Is `visibilitychange` really the right signal for when to aggregate layout shift?

Right now, the spec section 1.1 says:

A "final" score for the user’s session can be reported by listening to the visibilitychange event, and taking the value of the cumulative layout shift score at that time.

(This is in a non-normative section, but it's still worth considering this recommendation about how to use the reported metric.)

Is the visibilitychange event really what we want to suggest here? And if so, could we add a sentence or two to explain what it's expected to capture, & perhaps to consider (and hopefully address) anticipated concerns about this event?

I admit I haven't worked with visibilitychange much, so I might be missing something -- but based on its documentation and a demo, I see a few problems that seem to make it problematic for in-the-field analytics on this.

Depending on user behavior, this event...
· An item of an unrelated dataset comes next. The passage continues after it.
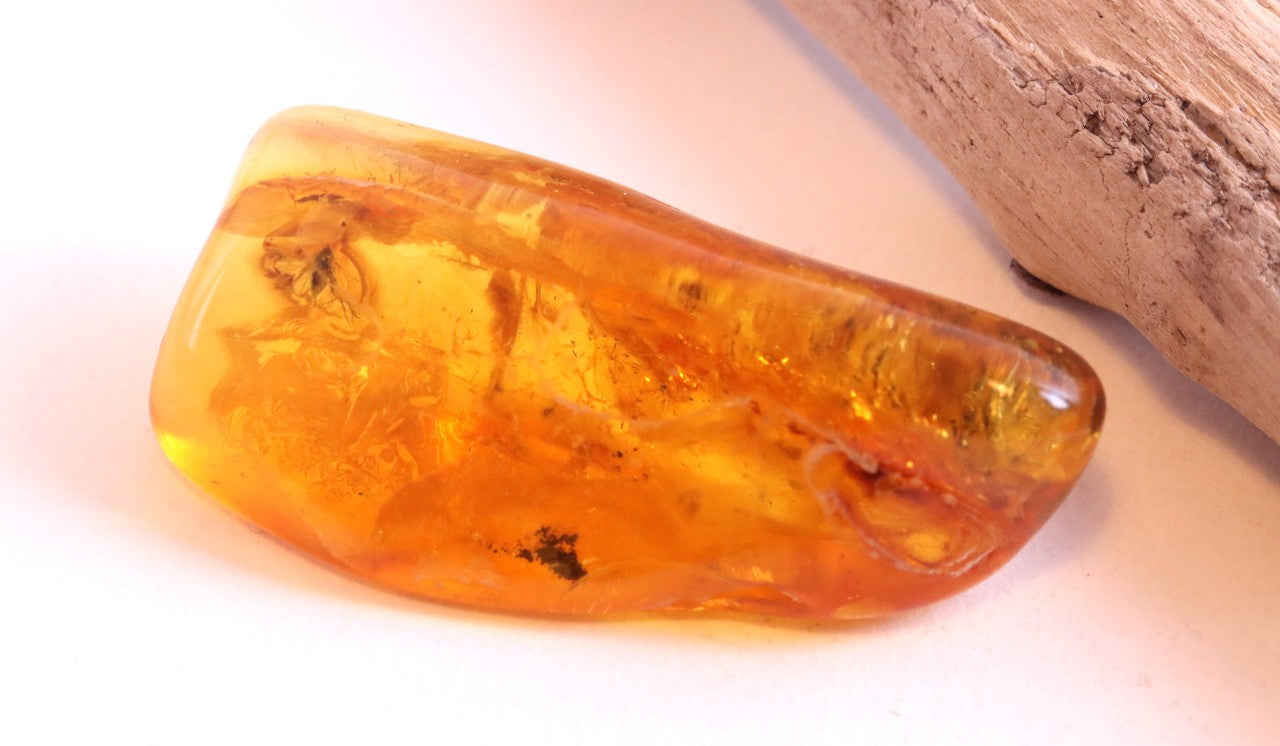 Baltic Amber with Fly Inclusion Genuine Baltic Amber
Might fire way too often -- This event is fired whenever the user switches tabs; are we expecting that authors will really want to aggregate & submit their "final" layout-shift metrics when that happens, and repeat that aggregation every time that happens if the user repeatedly switches back and forth?
Might not fire ever [to a first approximation], or at least not soon enough -- it looks like an arbitrarily large amount of time can pass before this event fires. e.g. Suppose a user opens your page, and they leave it open in its own browser-window -- then, this event will never fire, until they quit their browser, which they might never do. If the web developer is waiting on visibilitychange to send aggregated analytics, they may ~never get their report -- or maybe-worse: when they do get their report, its value may be the summation of several days' worth of layout shift metrics, which could produce a very large and ~meaningless metric. (For a largely static page, the metric may stabilize & stop changing & perhaps could be usefully reported after an arbitrary delay; but for any site with some dynamically-updating portion, e.g. Gmail/twitter, the metric would monotonically increase over time and could be arbitrarily large when visibilitychange fires.)

Is the visibilitychange event really what we want to suggest here? And if so, could we add a sentence or two to explain what it's expected to capture, & perhaps to consider (and hopefully address) anticipated concerns about this event?

I think the recommendation is to use that event but only reporting when it changes to hidden. I don't think that results in firing way too often. It's the recommended way because it's the latest callback that reliably fires when the user leaves the page.

Might not fire ever [to a first approximation], or at least not soon enough -- it looks like an arbitrarily large amount of time can pass before this event fires. e.g. Suppose a user opens your page, and they leave it open in its own browser-window -- then, this event will never fire, until they quit their browser, which they might never do. If the web developer is waiting on visibilitychange to send aggregated analytics, they may ~never get their report -- or maybe-worse: when they do get their report, its value may be the summation of several days' worth of layout shift metrics, which could produce a very large and ~meaningless metric. (For a largely static page, the metric may stabilize & stop changing & perhaps could be usefully reported after an arbitrary delay; but for any site with some dynamically-updating portion, e.g. Gmail/twitter, the metric would monotonically increase over time and could be arbitrarily large when visibilitychange fires.)

This seems possible but extremely unlikely. Even if the user has a tab dedicated to the page (say, email), the page's process is not going to live forever. I think that the callback would be fired when the process dies. But it's certainly possible to have a timer in addition to the visibility change, so that the metric is guaranteed to be reported every X time.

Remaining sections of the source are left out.